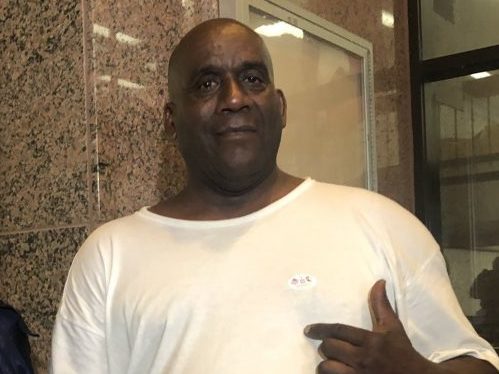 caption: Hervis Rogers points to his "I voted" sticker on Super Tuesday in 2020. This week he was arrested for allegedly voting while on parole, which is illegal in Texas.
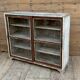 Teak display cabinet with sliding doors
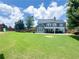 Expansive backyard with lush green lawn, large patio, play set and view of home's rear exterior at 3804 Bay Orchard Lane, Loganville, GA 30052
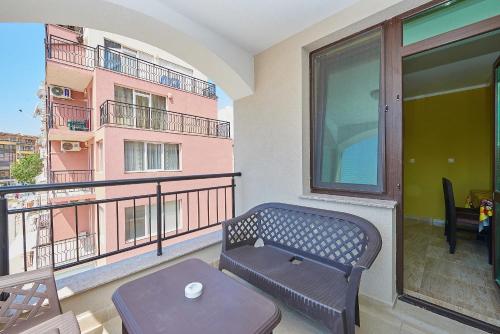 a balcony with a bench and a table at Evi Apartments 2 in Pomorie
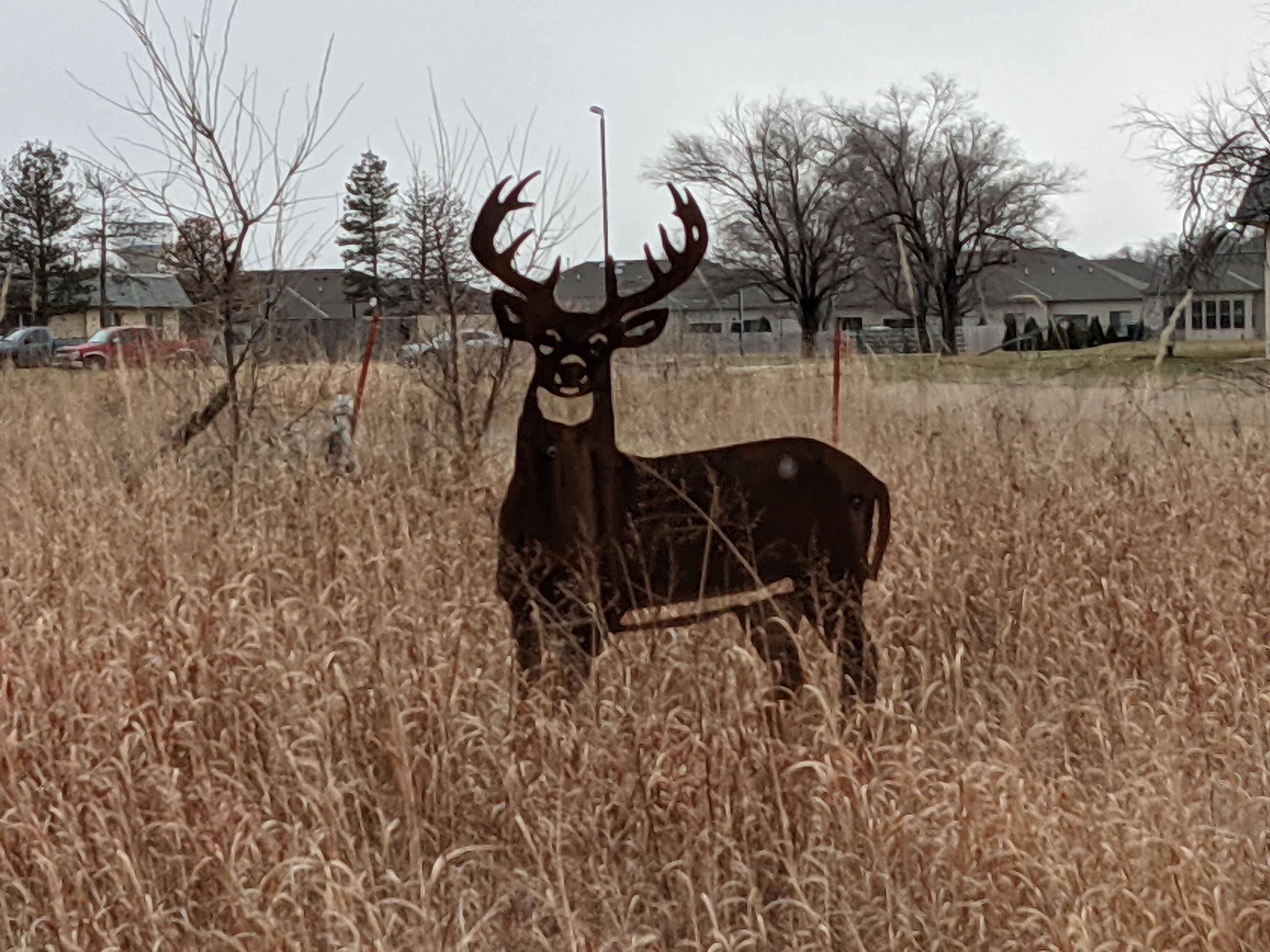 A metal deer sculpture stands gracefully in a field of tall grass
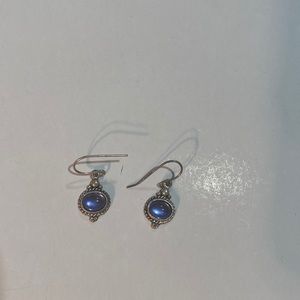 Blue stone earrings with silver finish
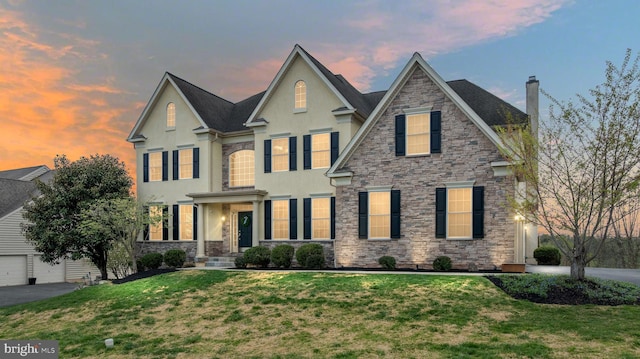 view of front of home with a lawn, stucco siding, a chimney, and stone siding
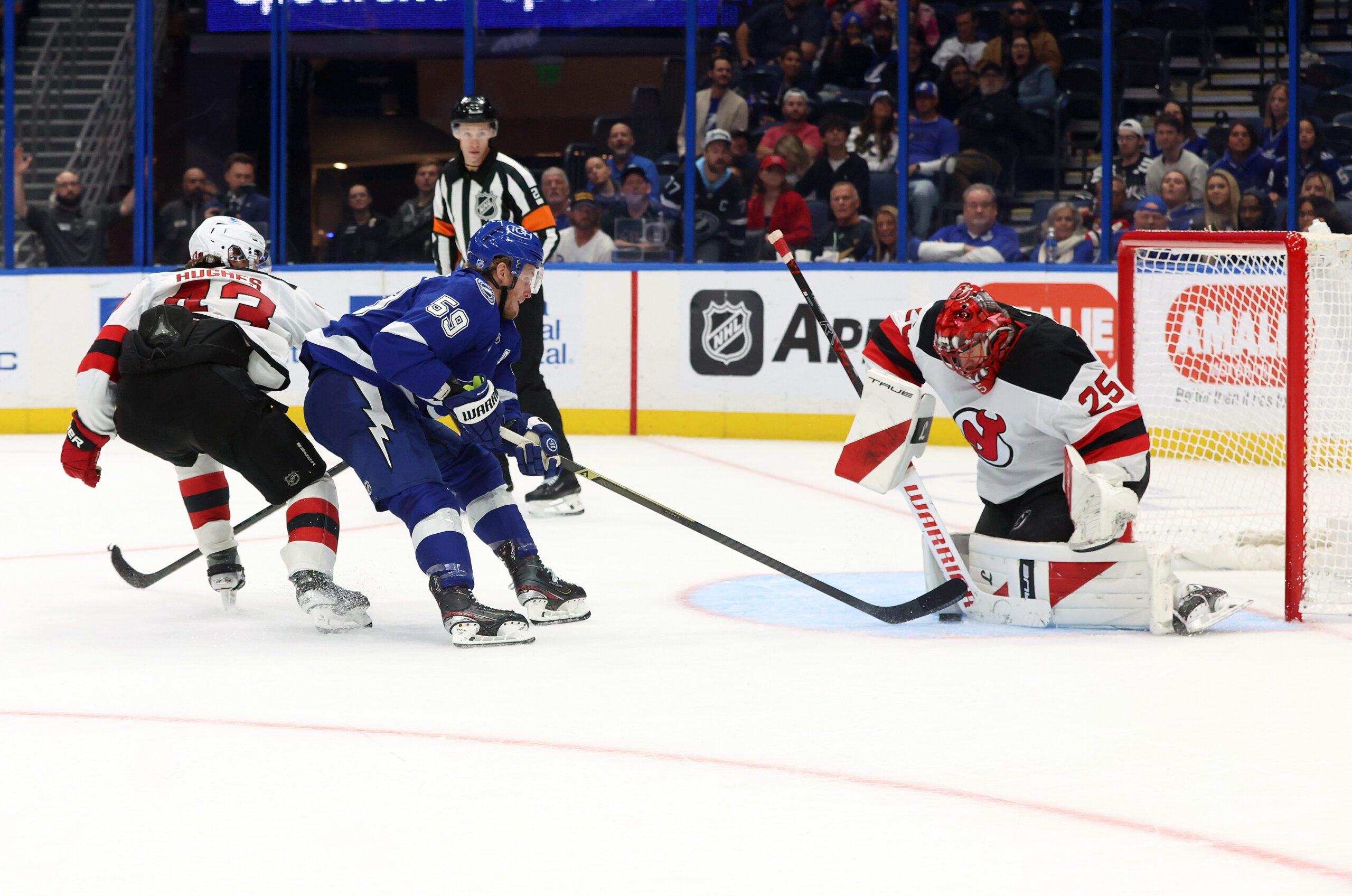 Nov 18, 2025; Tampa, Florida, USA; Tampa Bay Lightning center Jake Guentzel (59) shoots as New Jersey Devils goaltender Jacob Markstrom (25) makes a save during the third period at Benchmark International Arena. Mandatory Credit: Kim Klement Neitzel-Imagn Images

********************

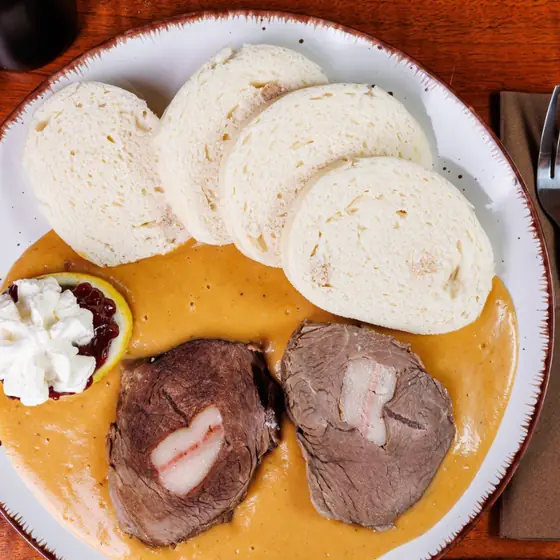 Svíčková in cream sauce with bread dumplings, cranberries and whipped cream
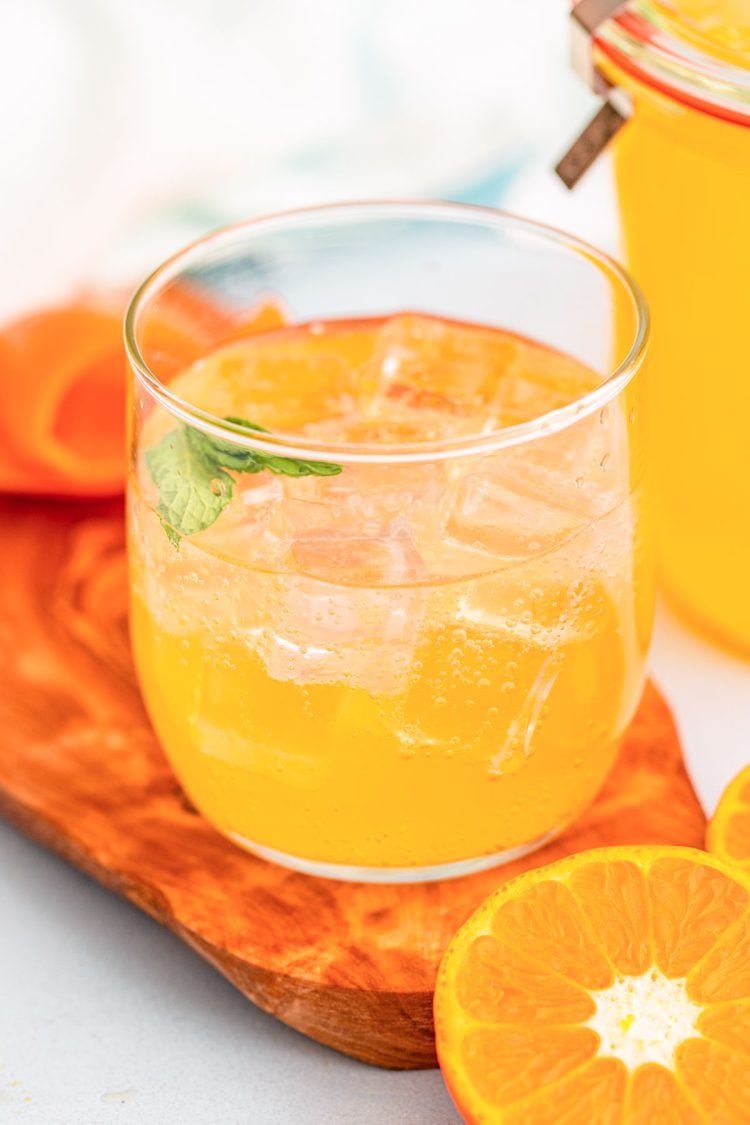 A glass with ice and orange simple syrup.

********************

• **Exercise objective**: Look above for the line with "A metal deer" and the line with "view of front". Output those two and everything between them exactly, pictures excluded.

• **Response area**:
 A metal deer sculpture stands gracefully in a field of tall grass
 Blue stone earrings with silver finish
 view of front of home with a lawn, stucco siding, a chimney, and stone siding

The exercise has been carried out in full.